Since solar panels can’t be deposited into a landfill, they have to be “specially processed,” thereby raising the cost of solar energy significantly.
Shellenberger refers to the skirting of these problems as “greenwashing”—meaning the industry creates a false impression of being environmentally friendly while overlooking eventual waste problems.
At the end of the day, he estimates that solar panels generate about 300 times more waste than nuclear energy resources.

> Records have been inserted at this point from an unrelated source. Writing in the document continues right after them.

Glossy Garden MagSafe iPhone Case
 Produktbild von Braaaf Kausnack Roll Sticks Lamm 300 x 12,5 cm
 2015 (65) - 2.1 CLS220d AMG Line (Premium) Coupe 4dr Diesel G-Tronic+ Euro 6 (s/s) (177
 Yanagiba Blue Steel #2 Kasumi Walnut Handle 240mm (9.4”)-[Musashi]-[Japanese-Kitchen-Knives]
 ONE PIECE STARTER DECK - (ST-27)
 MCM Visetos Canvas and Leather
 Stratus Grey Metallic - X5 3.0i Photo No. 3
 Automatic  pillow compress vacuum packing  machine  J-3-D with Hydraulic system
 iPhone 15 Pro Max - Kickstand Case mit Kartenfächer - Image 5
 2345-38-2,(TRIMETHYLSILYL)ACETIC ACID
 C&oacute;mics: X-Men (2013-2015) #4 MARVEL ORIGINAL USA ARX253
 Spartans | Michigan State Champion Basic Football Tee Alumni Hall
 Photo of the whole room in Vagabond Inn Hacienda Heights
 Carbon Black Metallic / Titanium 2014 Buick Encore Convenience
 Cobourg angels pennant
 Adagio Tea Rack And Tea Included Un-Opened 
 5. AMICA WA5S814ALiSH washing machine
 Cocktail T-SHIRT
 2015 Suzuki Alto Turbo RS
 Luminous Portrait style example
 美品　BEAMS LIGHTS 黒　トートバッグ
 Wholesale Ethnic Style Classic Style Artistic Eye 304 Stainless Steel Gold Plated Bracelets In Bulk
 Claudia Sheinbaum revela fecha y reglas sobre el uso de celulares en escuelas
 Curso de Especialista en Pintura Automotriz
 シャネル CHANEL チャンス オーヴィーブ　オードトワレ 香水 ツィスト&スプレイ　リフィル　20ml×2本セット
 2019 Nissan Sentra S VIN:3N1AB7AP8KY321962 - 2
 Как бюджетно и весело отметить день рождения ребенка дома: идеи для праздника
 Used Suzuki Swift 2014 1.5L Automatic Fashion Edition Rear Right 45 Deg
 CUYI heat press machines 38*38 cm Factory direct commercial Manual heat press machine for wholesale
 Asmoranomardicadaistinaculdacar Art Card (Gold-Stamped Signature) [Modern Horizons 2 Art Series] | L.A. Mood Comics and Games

Moreover, he said the manufacturing of solar panels is taking place under “absolutely unethical conditions.”
“This is a place where 1 to 2 million ethnic Muslim Uyghurs are in concentration camps, and being offered the choice to work in solar panel factories, but that’s coerced labor.”
‘Moving in the Right Direction’
Rather than fixating on “necessarily unreliable” weather-dependent energy sources that will “result in higher costs” than Californians already pay, Shellenberger proposes that state and federal officials turn their attention to problems that are more widespread than climate change.While he believes that climate change is real, “it’s not the end of the world,” he said. “We’re actually moving in the right direction on a lot of metrics.”
“That was positive for the economy, produc[ing] about $100 billion in energy savings every year.”
“That’s a huge success,” he said.
“It’s impossible for me, as somebody that’s been a climate [and] environmental activist for so long, to look at those numbers and not think the overdose crisis is significantly more important than climate change,” he said. “It’s not to say that climate change won’t have any impacts—it very well could—[but] the global warming that we have is a side effect of our prosperity, of our flourishing, of our use of energy. And so we have to always put those things in balance.”
He added, “We need to get some clarity about the things that really are important, [and] also get clear about what are the sources of energy that we should … be using in order to improve people’s lives and lift everybody out of poverty while also protecting the environment.”